From: Terry Loftin <terry.loftin@hp.com>
Subject: [PATCH 0/1] nfs: Panic when commit fails
Date: Tue, 20 Oct 2009 11:44:36 -0600
Message-ID: <4ADDF704.9080109@hp.com>
Mime-Version: 1.0
Content-Type: text/plain; charset=ISO-8859-1
To: SteveD@redhat.com, linux-nfs@vger.kernel.org
Sender: linux-nfs-owner@vger.kernel.org


Steve,

Please consider the following patch.  Thanks in advance!

Summary:
At the end of an nfs write, if the nfs commit fails, all the writes
will be rescheduled.  They are supposed to be rescheduled as NFS_FILE_SYNC
writes, but the rpc_task structure is not completely intialized and so
the option is not passed.  When the rescheduled writes complete, the
return indicates that they are NFS_UNSTABLE and we try to do another
commit.  This leads to a Panic because the commit data structure pointer
was set to null in the initial (failed) commit attempt.


Long-Winded Description:
This panic is pretty rare - it requires all writes to complete
succesfully, and the commit to fail.

We had an NFS clilent panic with this stack trace:
    PID: 5981   TASK: ffff8801a51c86c0  CPU: 6   COMMAND: "nfsiod"
     #0 [ffff88019f1ab800] crash_kexec at ffffffff8026eb22
     #1 [ffff88019f1ab8e0] oops_end at ffffffff804c7099
     #2 [ffff88019f1ab910] do_page_fault at ffffffff804c8d2a
     #3 [ffff88019f1abc90] page_fault at ffffffff804c65d5
     #4 [ffff88019f1abd18] nfs_direct_write_complete at ffffffffa0345bf7
     #5 [ffff88019f1abdf8] nfs_direct_write_release at ffffffffa0346030
     #6 [ffff88019f1abe28] rpc_release_calldata at ffffffffa02ec427
     #7 [ffff88019f1abe38] rpc_free_task at ffffffffa02ec4ce
     #8 [ffff88019f1abe68] rpc_async_release at ffffffffa02ec58b
     #9 [ffff88019f1abe78] run_workqueue at ffffffff80252b17
    #10 [ffff88019f1abec8] worker_thread at ffffffff80252c91
    #11 [ffff88019f1abf28] kthread at ffffffff8025623d
    #12 [ffff88019f1abf48] kernel_thread at ffffffff8021241a

Just prior to this, our nfs server crashed due to hw problems.
The Panic happens in nfs_direct_commit_schedule(), at line ~568 in
fs/nfs/direct.c:

        data->inode = dreq->inode;

Here, data is NULL and is the cause of the Panic.  This means that
dreq->commit_data is NULL.  By inspection, this pointer is only set
to NULL in nfs_direct_commit_schedule(), so we must have called this
function twice.

This panic happens when a commit fails.  In nfs_direct_commit_release(),
when a commit fails, we set dreq->flags to NFS_ODIRECT_RESCHED_WRITES
to reschedule all the associated writes.  When these writes complete,
we try to do another commit, but, the commit_data pointer has already
been set to NULL during previous commit attempt.

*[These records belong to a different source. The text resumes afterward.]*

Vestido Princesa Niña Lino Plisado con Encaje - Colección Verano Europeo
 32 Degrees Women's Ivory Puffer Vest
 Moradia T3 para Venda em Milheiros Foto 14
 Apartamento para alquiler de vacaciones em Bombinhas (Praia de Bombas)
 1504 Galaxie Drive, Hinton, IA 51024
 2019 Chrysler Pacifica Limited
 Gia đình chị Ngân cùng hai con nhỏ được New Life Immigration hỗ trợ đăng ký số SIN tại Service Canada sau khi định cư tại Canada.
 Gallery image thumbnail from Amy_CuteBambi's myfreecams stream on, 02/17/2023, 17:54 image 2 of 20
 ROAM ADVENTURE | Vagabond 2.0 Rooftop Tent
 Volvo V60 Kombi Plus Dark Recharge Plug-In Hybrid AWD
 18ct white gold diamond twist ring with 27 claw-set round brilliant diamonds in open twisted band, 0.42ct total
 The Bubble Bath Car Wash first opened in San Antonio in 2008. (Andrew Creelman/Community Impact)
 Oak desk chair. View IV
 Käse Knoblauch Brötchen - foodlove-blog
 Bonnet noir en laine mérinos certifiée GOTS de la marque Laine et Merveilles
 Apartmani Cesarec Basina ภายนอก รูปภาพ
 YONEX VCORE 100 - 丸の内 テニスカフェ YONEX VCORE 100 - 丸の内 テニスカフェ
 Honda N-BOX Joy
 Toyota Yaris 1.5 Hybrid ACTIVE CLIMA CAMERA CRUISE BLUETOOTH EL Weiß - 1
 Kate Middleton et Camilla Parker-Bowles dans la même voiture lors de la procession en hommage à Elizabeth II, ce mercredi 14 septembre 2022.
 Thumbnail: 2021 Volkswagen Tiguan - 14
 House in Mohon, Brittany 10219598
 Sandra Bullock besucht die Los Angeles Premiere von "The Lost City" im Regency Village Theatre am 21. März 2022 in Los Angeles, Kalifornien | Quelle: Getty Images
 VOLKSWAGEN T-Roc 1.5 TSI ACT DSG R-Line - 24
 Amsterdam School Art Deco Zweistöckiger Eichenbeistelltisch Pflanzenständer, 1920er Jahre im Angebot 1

The problem is that we shouldn't be doing a second commit attempt.
In nfs_direct_write_reschedule() we request a sync write by setting
the args->stable pointer to NFS_FILE_SYNC, but the server does not
see this, because the rpc_task structure isn't fully initialized.
Thus the response from the server for these rescheduled writes always
returns NFS_UNSTABLE, which causes us to do a second commit  (See:
nfs_direct_write_release()) and causes a Panic.

I added code to nfs_direct_release() to fail every 8th commit.  The
panic was reproduced on the 8th commit every time.  I then added a
line to initialize the rpc_task structure in nfs_direct_write_reschedule().
I quit testing after logging over 64K commits (with 8K commit failures)
and no Panics, and no write errors detected.

This is pretty much a typo.  Every other rpc_task struct appears to
be fully initialized.

-T